# Comparing runs

> The diff view shows you what changed between two runs of the same experiment, item by item, so you can see what a change moved before it ships.

# Comparing runs

The diff view shows you what changed between two runs of the same experiment, item by item, so you can see what a change moved before it ships.

It is the same comparison the [CI gate](./ci-gate) and [regression alerting](./alerting) act on, shown as a table you can read.

![Comparing two runs: the pass-rate movement, improved and regressed counts, a significance verdict, and a per-case delta of every evaluator score](/img/server-diff.png)

## Get a diff in one call

Compare a candidate run against a baseline run:

```bash
curl 'http://localhost:8080/api/v1/experiments/{experimentId}/runs/{candidateRunId}/diff?baselineRunId={baselineRunId}'
```

You get back a summary (the headline movement) and a page of cases (one row per item).

Two roles matter here:

- The **candidate** is the run under review (the new side).
- The **baseline** is what you compare against (the old side, usually the previous successful run).

`baselineRunId` is required. Both runs must be terminal. Comparing an in-flight run would be misleading, so the API returns 409 if either run has not finished.

## Open the diff in the UI

From a run, open the comparison against its baseline. You land on this page in the web UI:

```
/experiments/{experimentId}/runs/{candidateRunId}/diff
```

The candidate is the run you opened. The baseline is the run you compare it against.

## Filter the case list

By default the case list returns every item. Add the `status` parameter to narrow it:

```bash
curl 'http://localhost:8080/api/v1/experiments/{experimentId}/runs/{candidateRunId}/diff?baselineRunId={baselineRunId}&status=REGRESSED'
```

| `status` value | Returns |
|----------------|---------|
| `ALL` (default) | Every item |
| `REGRESSED` | Items that got worse |
| `IMPROVED` | Items that got better |
| `CHANGED` | Items that regressed or improved |

The case list is pageable. Use the standard `page` and `size` query parameters.

## Read the summary

The summary reports the whole-run movement.

| Field | Meaning |
|-------|---------|
| `baselinePassRate`, `candidatePassRate`, `passRateDelta` | Pass rate on each side, and candidate minus baseline |
| `significant` | Whether the pass-rate change is statistically significant, not noise |
| `improvedCount`, `regressedCount`, `unchangedCount` | How items moved between the runs |
| `addedCount`, `removedCount` | Items present in only one of the two runs |
| `pairing` | How items were matched: `dataset_item_id` (matched one to one by id) or `positional` (matched by position) |

## Read a case

Each case is one item compared across the two runs. A case carries:

- **`status`**: `REGRESSED`, `IMPROVED`, `UNCHANGED`, `ADDED`, or `REMOVED`.
- **`passFlip`**: `true` when the item flipped between pass and fail.
- **`input`**: the item's input text.
- **`evaluators`**: the per-evaluator deltas, so you can see which evaluator moved.

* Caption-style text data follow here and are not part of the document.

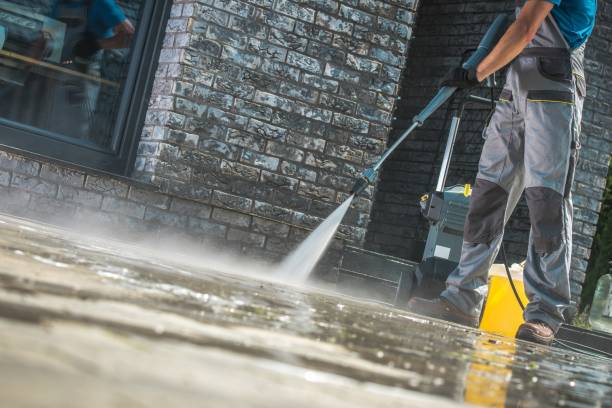 Best Machinery and Equipment Cleaning  in Fort Dick, CA
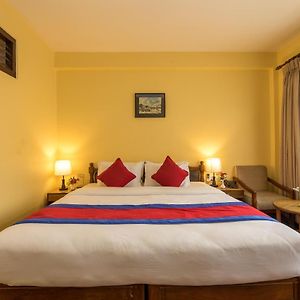 Superior Double or Twin Room Balcony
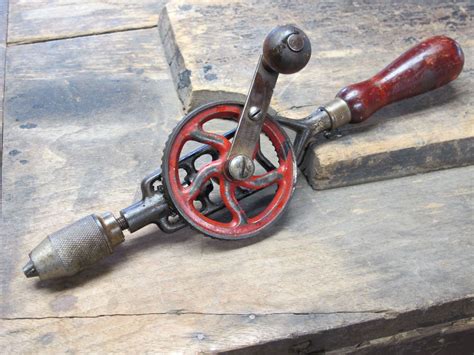 Hand Drill  HowStuffWorks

Each entry in `evaluators` has the evaluator `name`, its `baselineMean` and `candidateMean`, the `delta` (candidate minus baseline), a per-evaluator `status` (`IMPROVED`, `REGRESSED`, or `UNCHANGED`), and a `significant` flag for that evaluator's change.

## How significance gating works

A change counts as a regression only when it clears two bars:

1. It is beyond a small epsilon (not a rounding wobble).
2. It is statistically significant.

The test depends on the data:

- **McNemar's test** for single-run pass/fail flips.
- **A paired permutation test with a bootstrap interval** otherwise.

A noisy judge nudging one item does not register as a regression. That is what keeps the gate and alerts from flaking. The `significant` flag in the summary is that same gate, surfaced so you can tell a real move from sampling noise.

## Next steps

- [CI regression gate](./ci-gate): turn this comparison into a build pass or fail.
- [Regression alerting](./alerting): get a webhook when a comparison regresses.